I am not involved in the development of AmigaOS 4 right now. My current projects are RetroArch, GemRB 68k, Sin and another "big title" (commercial game port).

- What is your opinion on AmigaOS 4 machine such as the A1222?

For A1222, I think what is needed here is an at least minimal "complete SPE" linker library. Software developers should not get the blame for this. It is not a simple recompile (and adaptions might work for certain products, for others, they would be very hard to do).

- And your opinion about the future Mirari?

Mirari is very positive. I hope we will soon get news on AmigaOS 4 Support. But my contacts tell me this should not be a major issue.

- What do you think of the relaunch of AmigaOS 68k development with versions 3.2+?

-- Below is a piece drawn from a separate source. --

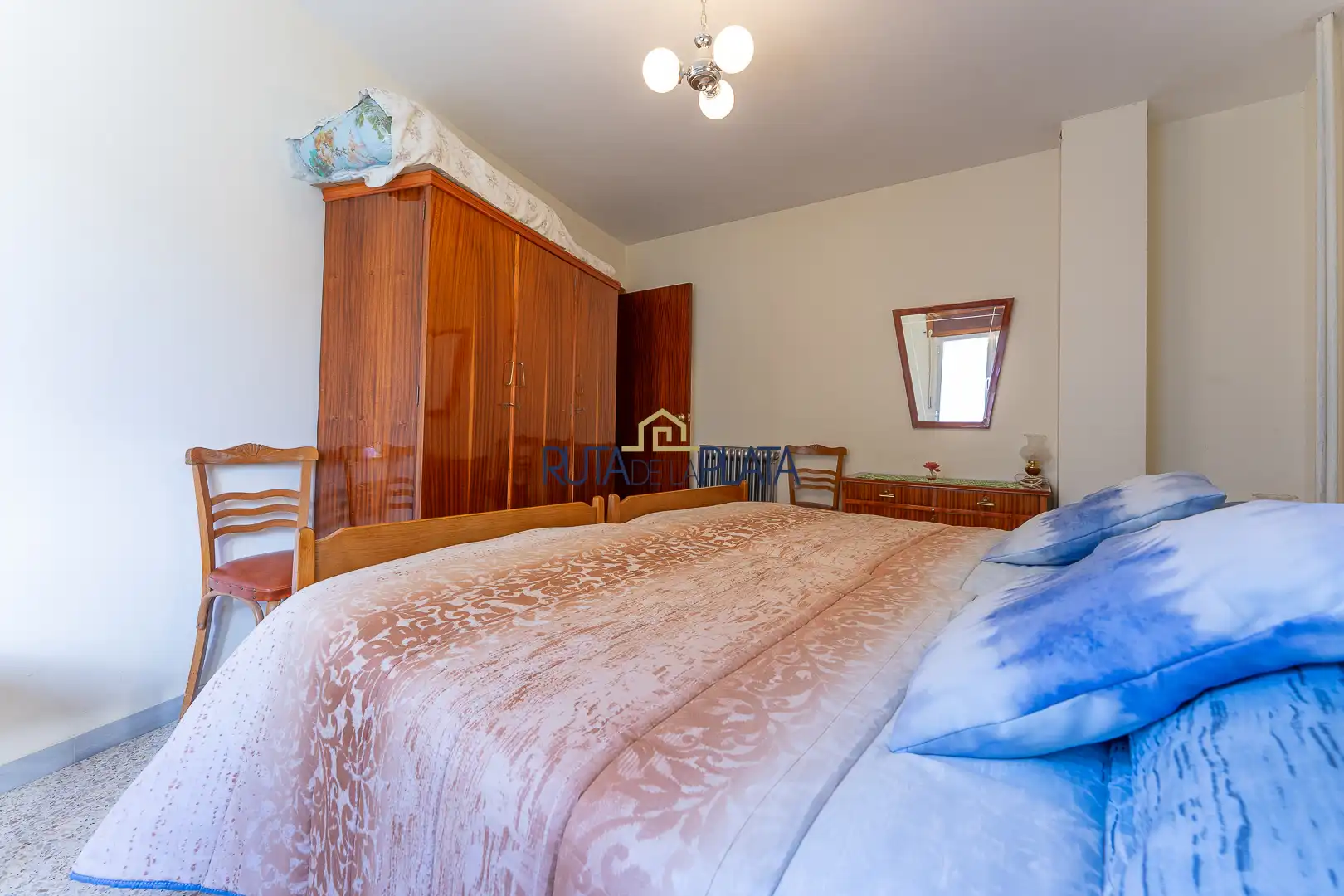 Habitación de Edificio en venta en Fermoselle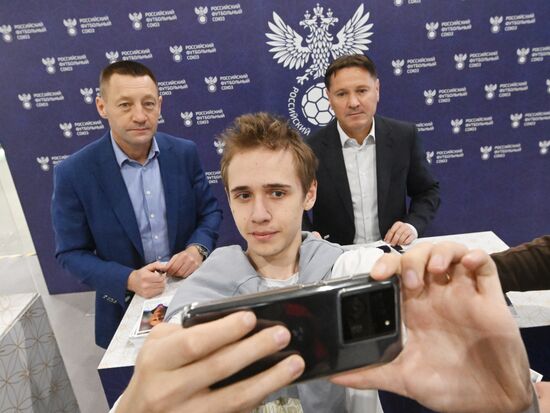 RUSSIA EXPO. Autograph show with RFU ambassadors Dmitry Alenichev and Andrei Tikhonov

Well, as I am the one who convinced Hyperion of doing 68k versions of Heretic 2 and Gorky 17 as well as the project manager of PiStorm 3D, so obviously I am positive on these developments. My games will typically need something faster than a 68060 though (like a PiStorm or Vampire or Pi5+AmiKit - for some of the games like Heretic 2, a Vampire is not even enough). I do not decide "I want to port x for y". I decide "I want to port x" - and then, I see on what systems it can reasonably run. Very often this ends up being AmigaOS 4, PiStorm and Pi5+AmiKit though. Sometimes WarpOS, sometimes Vampire added to the list. Sometimes A1222.

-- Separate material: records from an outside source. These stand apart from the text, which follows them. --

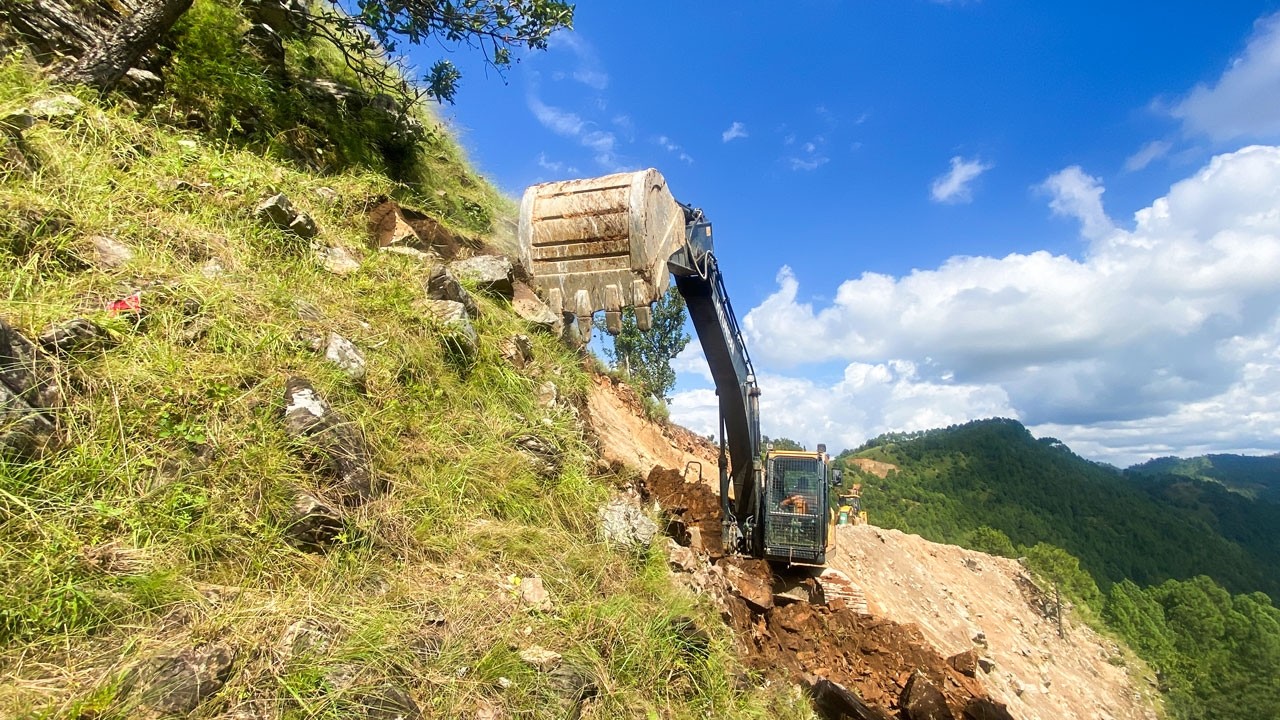 Amazing Operator Skills! Hyundai Excavator on a Risky Narrow Road | Excavator Planet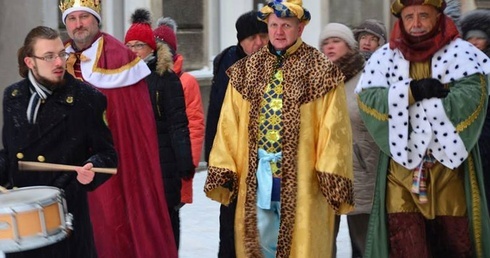 Królowie z bębniarzami prowadzą orszak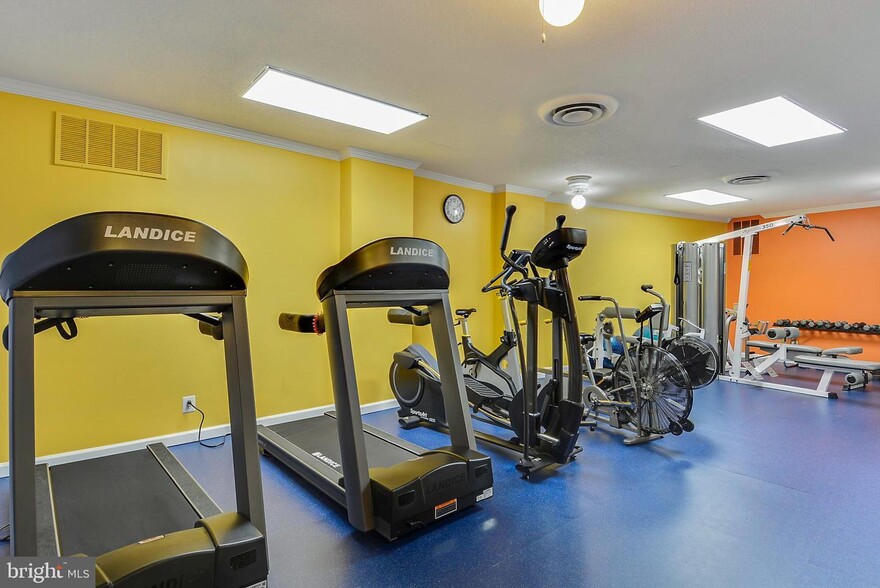 Fitness room - 9039 Sligo Creek Pky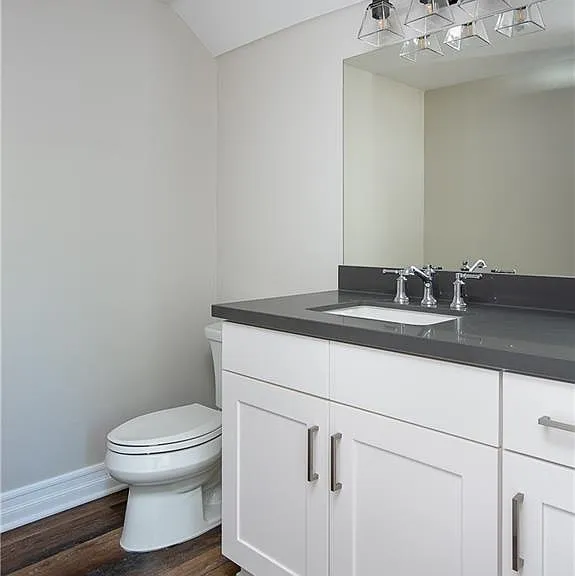 621 Fairview Ave #B — Photo 15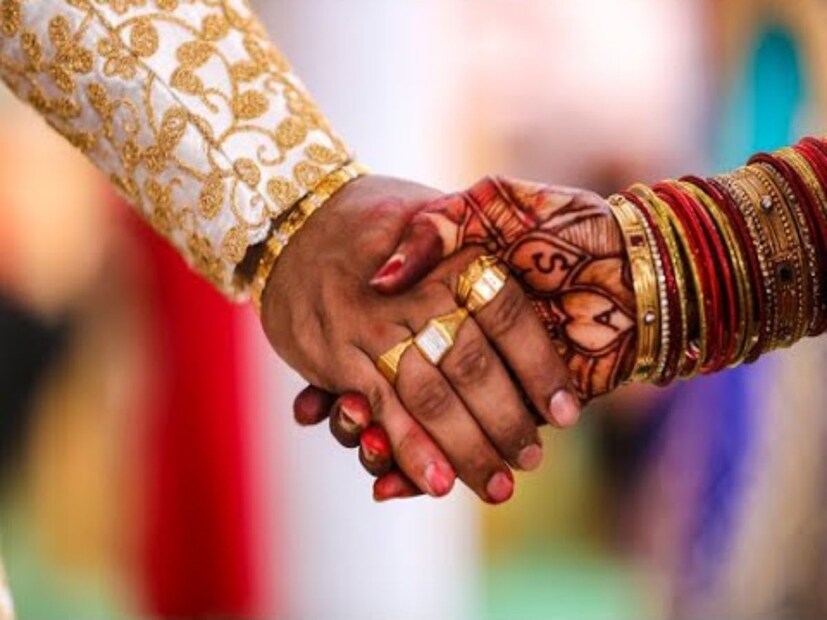 কনের পরিবারের সদস্যরা তখন হইহই করে ওঠেন। তাঁরা জানান, এমনকি 'দ্বারচর' অনুষ্ঠানের সময়ও বরের হাত কাঁপছিল। সেটা মোটেই নার্ভাসনেস বা উদ্বেগের লক্ষণ নয়। হতে পারে বর মদ্যপান করেছেন। Representative Image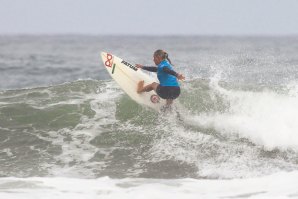 Surfista algarvia está entre as 8 melhores em Cornwall.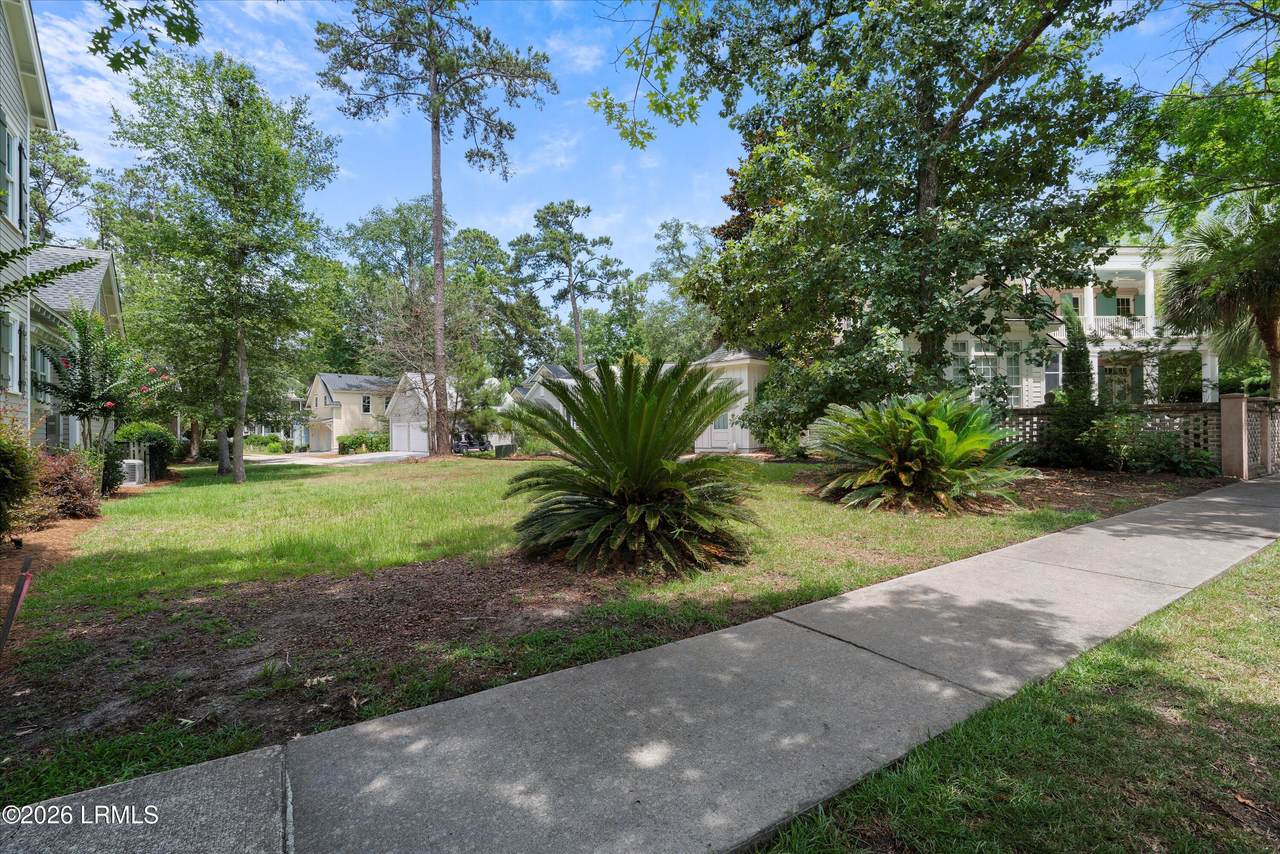 https://bt-photos.global.ssl.fastly.net/beaufortsc/1280_boomver_1_196941-2.jpg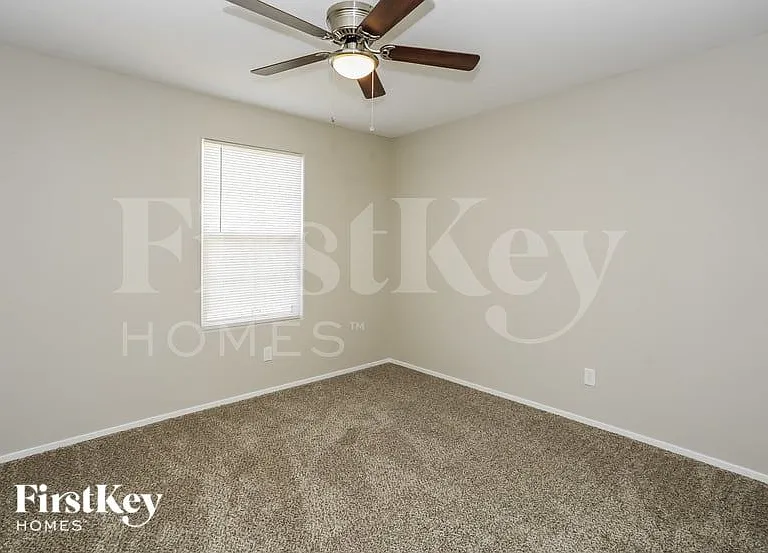 4056 Little Bay Ave — Photo 10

- You also own a Vampire V4 on loan from Apollo Computer. What do you think of the Apollo Vampire project as a whole? In your opinion, are these cards powerful enough to "revive the Amiga"?

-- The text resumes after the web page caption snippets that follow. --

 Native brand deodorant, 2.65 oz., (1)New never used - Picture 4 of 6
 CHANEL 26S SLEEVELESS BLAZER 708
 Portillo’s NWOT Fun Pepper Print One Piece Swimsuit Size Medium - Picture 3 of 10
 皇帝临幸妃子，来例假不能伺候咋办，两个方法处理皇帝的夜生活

Actually, I don't. Not anymore at least. I used to but that hardware was asked back by Apollo Computer after I started supporting PiStorm (and publicly suggested I could help them with an AmigaOS 4 and a PiStorm port of Robin Hood, maybe this offer was misunderstood). Anyways, I now have a Vampire V4 loaned by Alinea, so I still can support it. My opinion on the platform - it is the lowest end of the high-end Amigas.

As I said, I do not do "ideological support" of platforms. I start on an AmigaOS 4 version and, after that, try to port over to other Amigaoid platforms and see what is fast enough then. For Heretic 2, the Vampire was too slow (probably the same for Sin), for Gorky 17 and Quake 2, it worked. I suspect for GemRB it will also work, but I cannot tell so 100% yet. Basically as to speed, we have:

AmigaOS 4 and MorphOS >= Pi5+AmiKit >> PiStorm 4 >> PiStorm 3 >> Vampire V4 > 100 MHz 68060 >> everything else.

- As an AmigaOS 4 developer, what did you think of the sparring between AmigaOS 4 and MorphOS supporters? Is it still present today?

My position has shifted a lot here since 25 years back. I am of course like back then clearly on the AmigaOS 4 side but I think people on all "camps" need to work together. And actually, developers do this already a lot. For example, I had some valuable help on GemRB by CowCat, and also had some friendly chats with BeWorld (regarding ScummVM) and Frank Mariak recently. If anyone is continuing on "system wars", it is not developers, in my impression.

Still, a MorphOS version of commercial ports has the issue - licence for AmigaOS and MorphOS == double licence cost. WarpOS versions are a bit a hack here, as they are AmigaOS versions but also run on MorphOS. And as I mentioned above, if I do a WarpOS version on something, it will definitely get testing on a "real MorphOS system" before release (on Gorky17, we still had some issues with the MorphOS installer there, on RetroArch it installs without any trickery needed on installer-side). Usually WarpOS versions I do run fine on MorphOS systems and on PCI PowerPC G3/G4 systems (BlizzardPPC/CyberStormPPC often is too slow).

- Thank you Steffen for your answers and good luck with your projects!